[MATERIAL SHOWN Boundary: Start]

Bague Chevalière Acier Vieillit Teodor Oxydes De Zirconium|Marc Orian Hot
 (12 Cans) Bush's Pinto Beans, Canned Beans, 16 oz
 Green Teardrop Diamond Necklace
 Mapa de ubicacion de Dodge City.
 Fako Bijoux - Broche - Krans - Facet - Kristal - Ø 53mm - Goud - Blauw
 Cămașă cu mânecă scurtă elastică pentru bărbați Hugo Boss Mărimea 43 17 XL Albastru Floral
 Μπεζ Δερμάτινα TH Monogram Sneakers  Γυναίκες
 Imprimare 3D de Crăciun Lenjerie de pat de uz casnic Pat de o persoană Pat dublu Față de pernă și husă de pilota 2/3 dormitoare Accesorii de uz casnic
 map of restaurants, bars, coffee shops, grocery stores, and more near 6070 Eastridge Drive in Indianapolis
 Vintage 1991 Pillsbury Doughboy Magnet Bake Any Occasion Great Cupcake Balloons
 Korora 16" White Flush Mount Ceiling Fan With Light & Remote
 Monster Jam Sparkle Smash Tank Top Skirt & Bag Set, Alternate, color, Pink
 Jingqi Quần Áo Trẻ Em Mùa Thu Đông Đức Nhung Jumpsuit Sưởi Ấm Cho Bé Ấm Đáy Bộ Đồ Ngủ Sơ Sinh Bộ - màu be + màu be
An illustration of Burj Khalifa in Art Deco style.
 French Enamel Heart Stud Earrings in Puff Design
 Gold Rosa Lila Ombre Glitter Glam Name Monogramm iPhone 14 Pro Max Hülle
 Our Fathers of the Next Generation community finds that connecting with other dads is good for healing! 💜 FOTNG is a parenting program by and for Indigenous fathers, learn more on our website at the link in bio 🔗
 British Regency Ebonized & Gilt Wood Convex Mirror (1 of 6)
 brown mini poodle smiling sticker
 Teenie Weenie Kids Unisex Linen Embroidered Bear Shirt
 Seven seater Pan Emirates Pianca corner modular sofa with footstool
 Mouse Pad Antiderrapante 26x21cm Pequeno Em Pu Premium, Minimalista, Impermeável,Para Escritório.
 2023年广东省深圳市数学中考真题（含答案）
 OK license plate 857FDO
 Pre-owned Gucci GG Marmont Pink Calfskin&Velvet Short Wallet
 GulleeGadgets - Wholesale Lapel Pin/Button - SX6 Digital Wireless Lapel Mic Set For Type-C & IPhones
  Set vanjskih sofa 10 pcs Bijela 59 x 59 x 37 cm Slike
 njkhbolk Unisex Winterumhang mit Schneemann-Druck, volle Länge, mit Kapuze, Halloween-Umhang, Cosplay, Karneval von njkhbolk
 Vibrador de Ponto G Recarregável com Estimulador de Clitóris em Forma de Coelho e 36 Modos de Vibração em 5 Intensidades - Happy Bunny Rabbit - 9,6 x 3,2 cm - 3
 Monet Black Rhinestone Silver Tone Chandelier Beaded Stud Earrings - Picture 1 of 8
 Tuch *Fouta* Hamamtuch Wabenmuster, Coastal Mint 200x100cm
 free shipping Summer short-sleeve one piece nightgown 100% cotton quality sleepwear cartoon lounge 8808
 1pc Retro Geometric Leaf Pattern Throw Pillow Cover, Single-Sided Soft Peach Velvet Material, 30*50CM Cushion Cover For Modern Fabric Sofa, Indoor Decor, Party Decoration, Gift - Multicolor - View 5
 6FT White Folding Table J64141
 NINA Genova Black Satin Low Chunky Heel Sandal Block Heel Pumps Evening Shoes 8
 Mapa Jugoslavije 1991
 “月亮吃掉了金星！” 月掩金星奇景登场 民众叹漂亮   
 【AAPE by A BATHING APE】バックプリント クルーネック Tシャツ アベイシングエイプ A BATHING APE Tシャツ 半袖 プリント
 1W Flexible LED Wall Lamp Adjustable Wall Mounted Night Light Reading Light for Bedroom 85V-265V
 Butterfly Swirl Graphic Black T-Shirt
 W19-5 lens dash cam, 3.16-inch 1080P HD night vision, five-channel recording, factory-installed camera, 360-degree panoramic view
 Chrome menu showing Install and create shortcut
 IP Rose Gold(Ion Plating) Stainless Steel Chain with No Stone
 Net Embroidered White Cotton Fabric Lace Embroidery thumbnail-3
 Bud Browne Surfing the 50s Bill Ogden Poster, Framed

[MATERIAL SHOWN Boundary: End]

### TASK OBJECTIVE
What you return should be the lines from the start of the data through the line with "Imprimare 3D de", quoted exactly and nothing more.

### ANSWER SECTION
Bague Chevalière Acier Vieillit Teodor Oxydes De Zirconium|Marc Orian Hot
 (12 Cans) Bush's Pinto Beans, Canned Beans, 16 oz
 Green Teardrop Diamond Necklace
 Mapa de ubicacion de Dodge City.
 Fako Bijoux - Broche - Krans - Facet - Kristal - Ø 53mm - Goud - Blauw
 Cămașă cu mânecă scurtă elastică pentru bărbați Hugo Boss Mărimea 43 17 XL Albastru Floral
 Μπεζ Δερμάτινα TH Monogram Sneakers  Γυναίκες
 Imprimare 3D de Crăciun Lenjerie de pat de uz casnic Pat de o persoană Pat dublu Față de pernă și husă de pilota 2/3 dormitoare Accesorii de uz casnic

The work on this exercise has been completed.